ARM-software / mango

Parallel Hyperparameter Tuning in Python
Apache License 2.0
335 stars 40 forks source link

Voting classifier #107

Closed VEZcoding closed 11 months ago

VEZcoding commented 1 year ago

Is it possible to use mango with Voting classifier? And tune parameters for each classifier that takes part in the ensamble.

sandeep-iitr commented 1 year ago

Yes, it should be very easy to do this task. One approach is where the voting classifier can use a parameter space for each classifier task like say [0 to 1], and based on the parameter values, the ensemble is created using all the classifiers. The accuracy/loss of the ensemble can help Mango to find optimal parameters for the voting classifier. I can help more if you can share more context into your problem.

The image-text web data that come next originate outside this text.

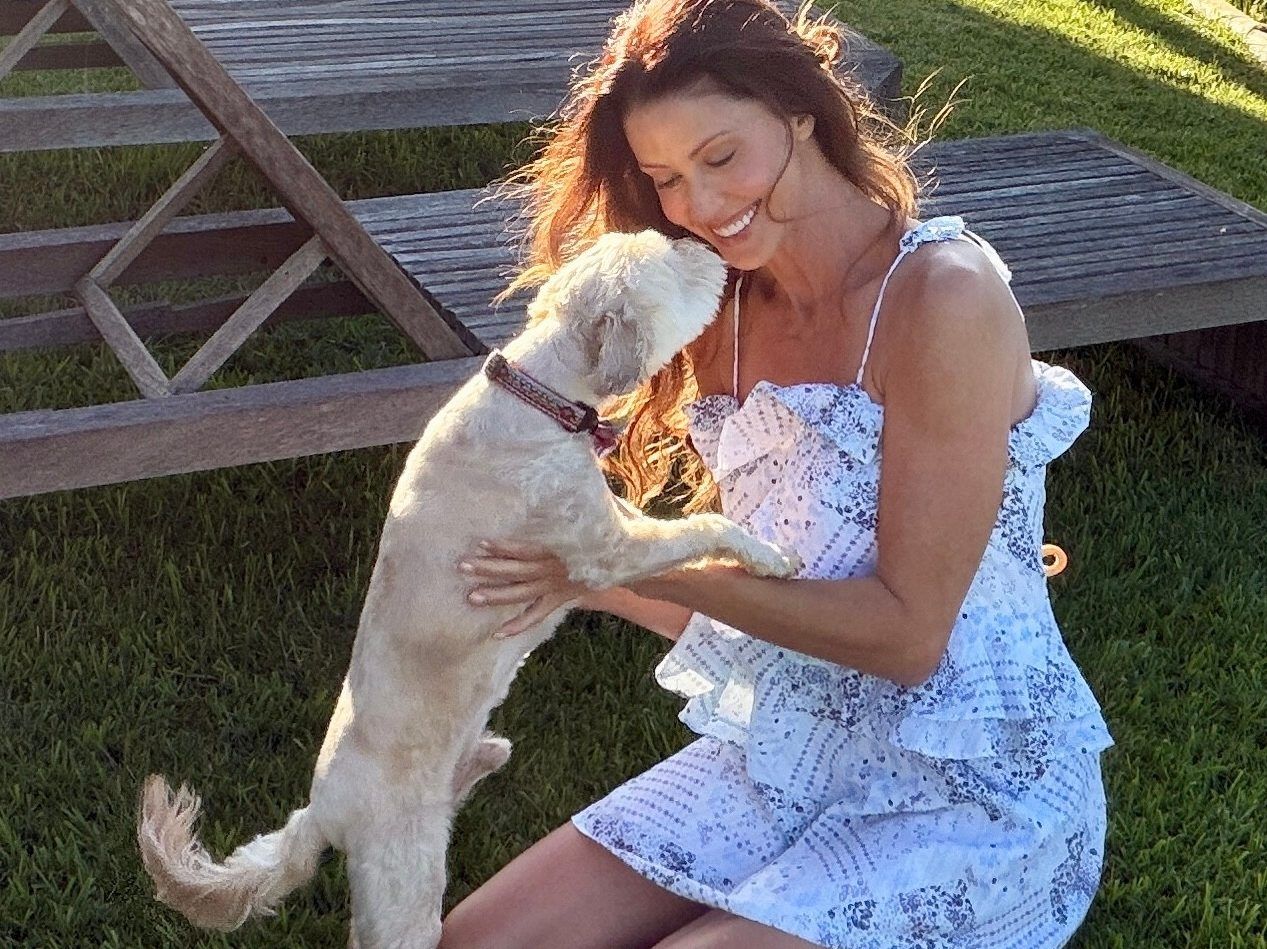 Shannon Elizabeth playing with her dog Cooper.
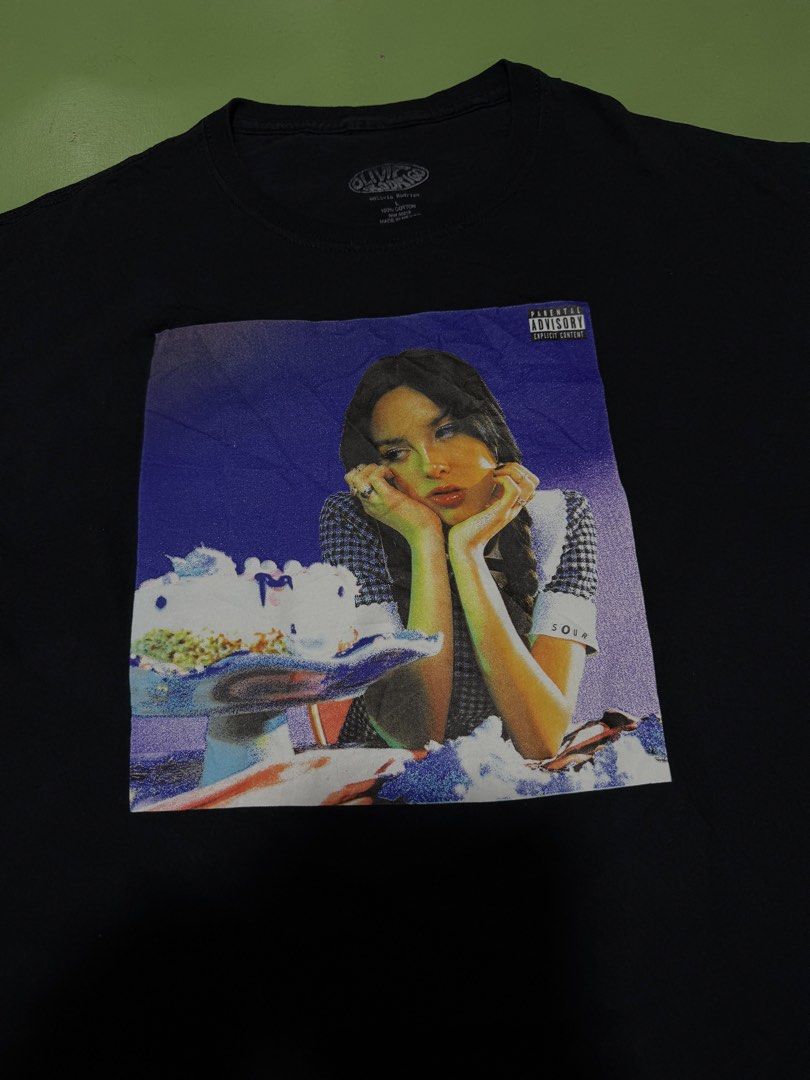 Shirt (Category: Tshirts & Polo Shirts ) located in Pasig City. Submitted by reyeslarry11740 (Listing ID 1460182593, Image 3). Description: For Sale Olivia Rodrigo Sour Graphic Shirt Men Size Large 21.5w x 29.5L Excellent to as new condition No issue 1500 plus ship only Payment 1st Pasig city.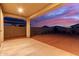 Spacious backyard featuring a covered patio, gravel landscaping, and privacy fence, perfect for outdoor enjoyment at 19873 W San Juan Ave, Litchfield Park, AZ 85340
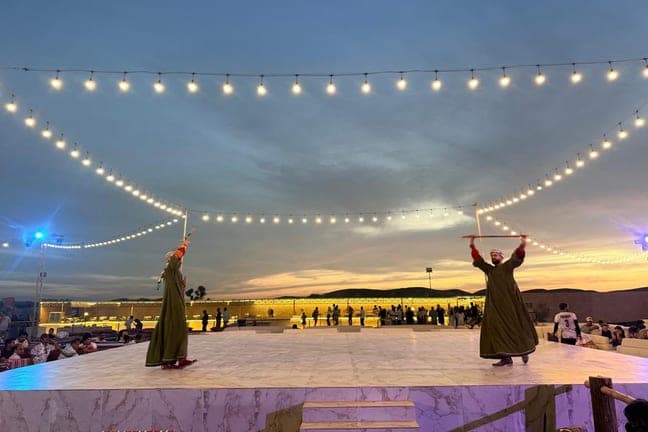 Tanoura performers on the open-air stage at the desert camp at sunset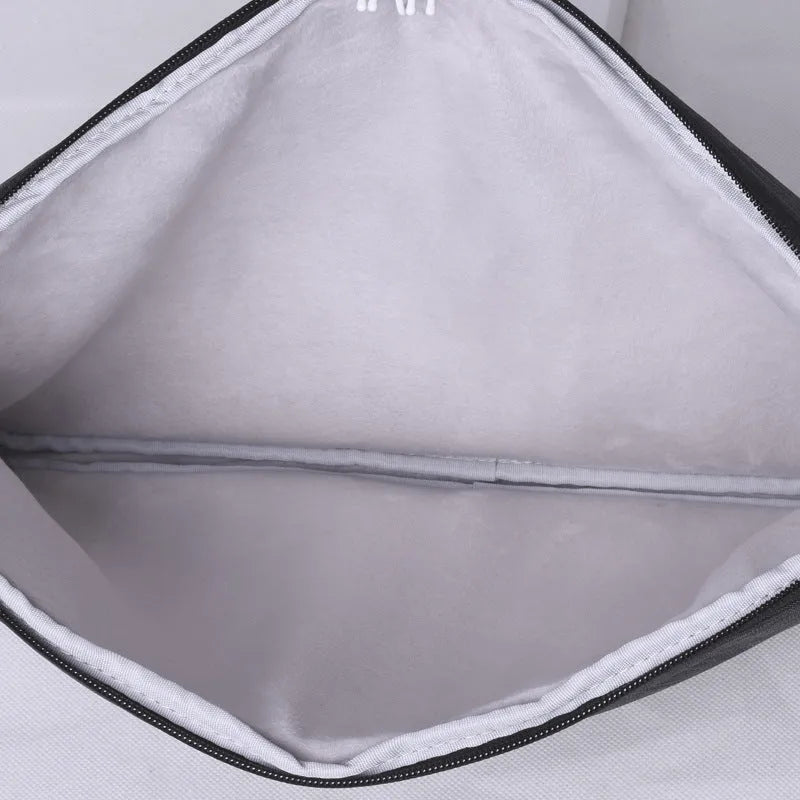 Light grey 15-inch computer liner bag with water-repellent polyester surface, slim 3cm profile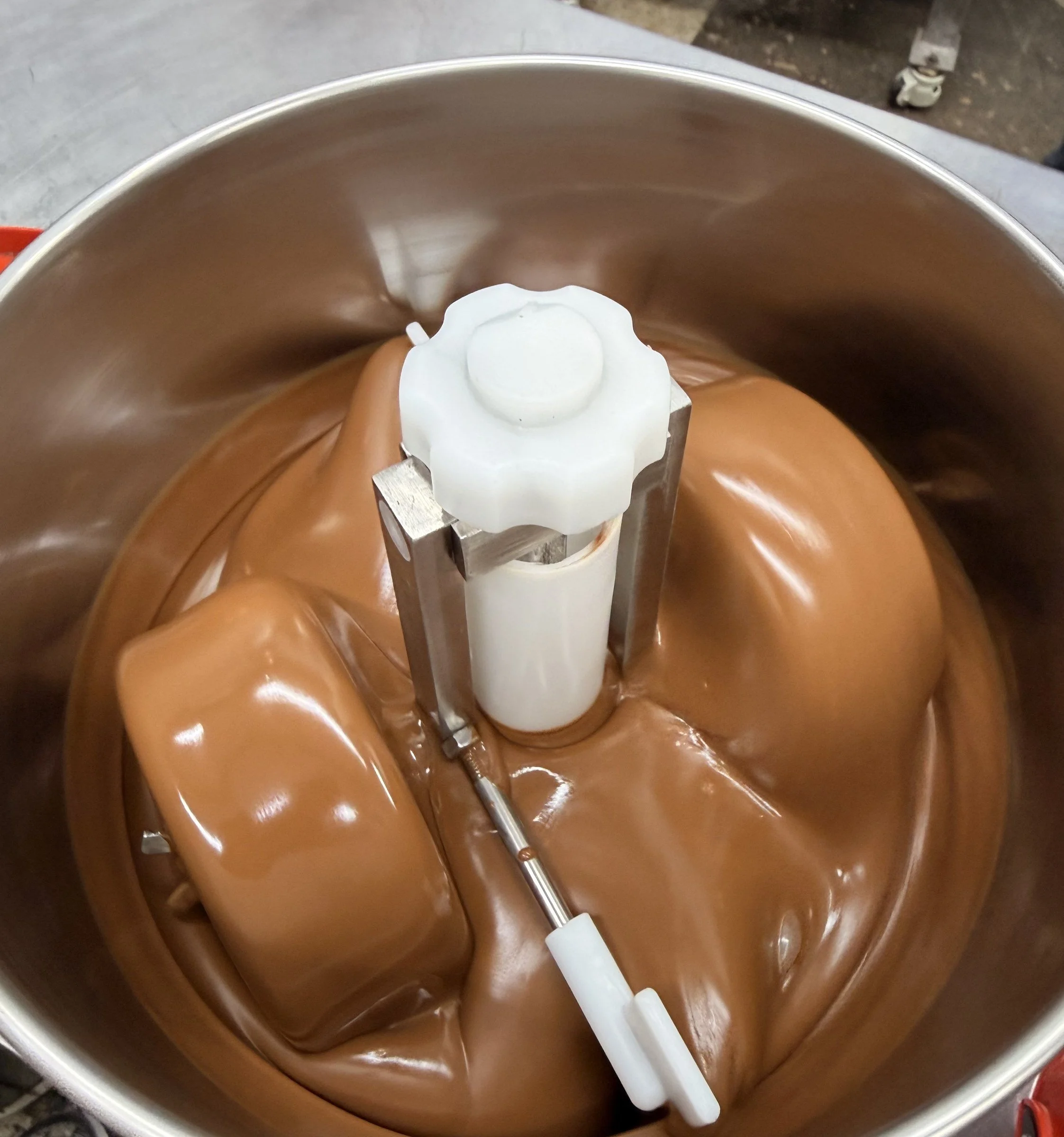 Milk chocolate being refined in a stone grinder
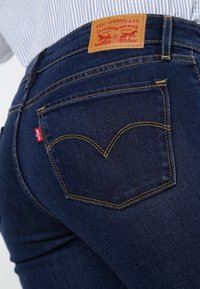 Tmavě modré džíny z denimové látky s hnědou koženou nášivkou „Levi Strauss & Co.“ na zadní straně, žlutým prošíváním a charakteristickým designem zadní kapsy.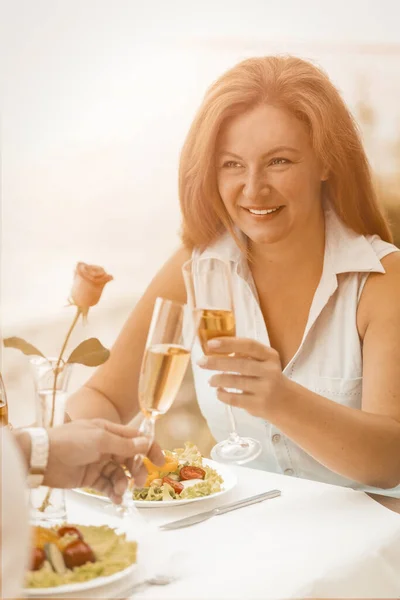 Lycklig kvinna dricker vitt vin med sin älskade man. Mogna par klamrar sig fast vid vinglas medan de sitter på ett sommarcafé utomhus. Lycklig tillsammans koncept. Tonad bild — Stockfoto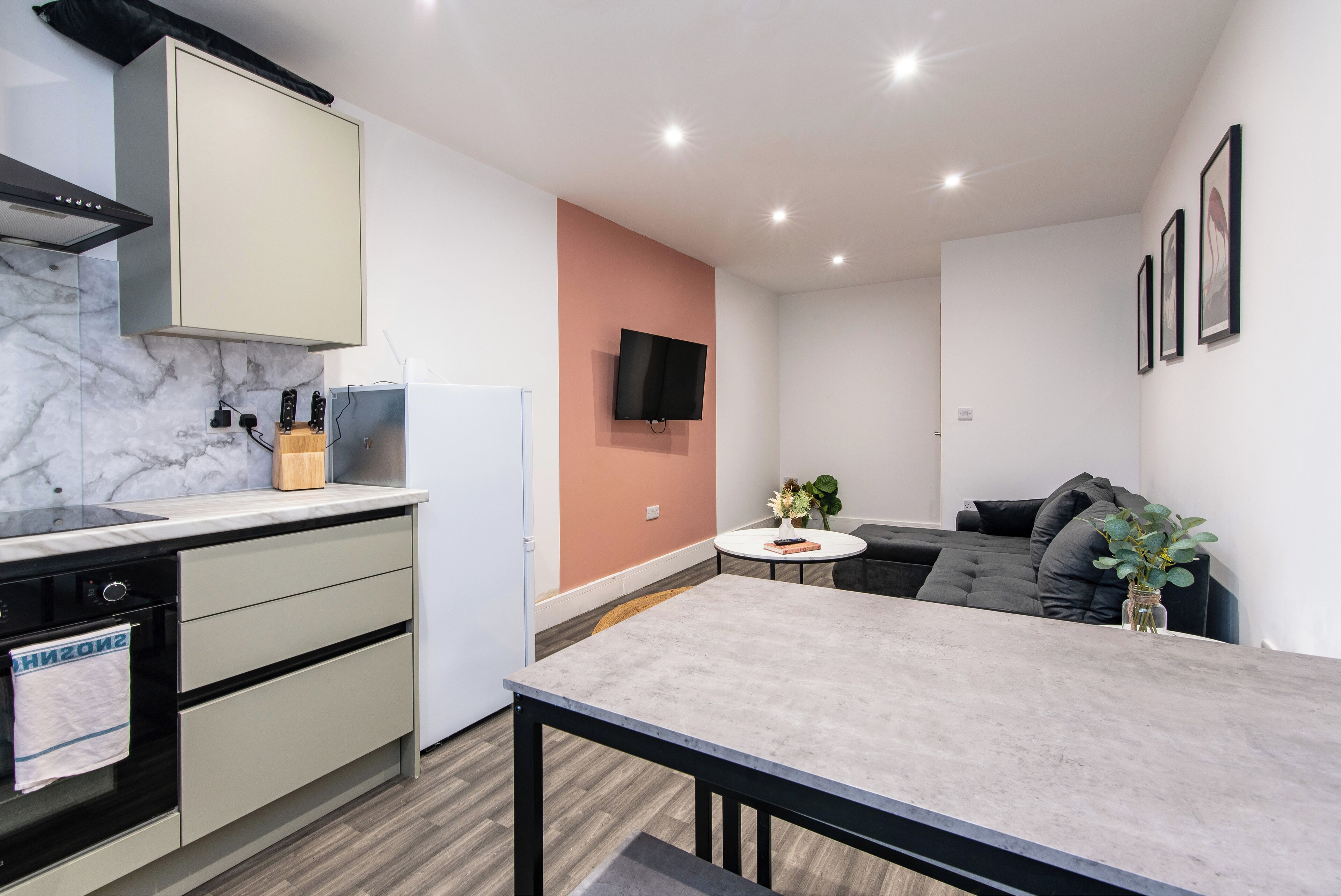 A modern kitchen with a marble countertop, built-in oven, and a dining area with a table and chairs.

VEZcoding commented 1 year ago

Hey!

I figured it out, you cant gridsearch estimators in voting classifiers and their parameters. It would fail for example only testing RF and XGB if you also parse LR parameters. But I am not sure why it takes so much more time than for example scikit-learn grid search in a dataframe 1000rows 300 columns. It takes 80 seconds/iteration. And not filling all jobs allocated

clf_rf = RandomForestClassifier()
clf_xgb = xgb.XGBClassifier()
clf_lr = LogisticRegression()
param_space = {'rf__n_estimators': [10, 100, 1000], 'xgb__n_estimators': [10, 100, 1000]}
clf = VotingClassifier(estimators=[('rf', clf_rf), ('xgb', clf_xgb), ('lr', clf_lr)])
@scheduler.parallel(n_jobs=10)
def objective(**params):
    global X_train, y_train, clf
    clf = clf.set_params(**params)
    score = cross_val_score(clf, X_train, y_train, scoring='accuracy').mean()
    return score

tuner = Tuner(param_space, objective, dict(num_iteration=4, initial_random=10))
results = tuner.maximize()
sandeep-iitr commented 11 months ago

Were you able to resolve this issue?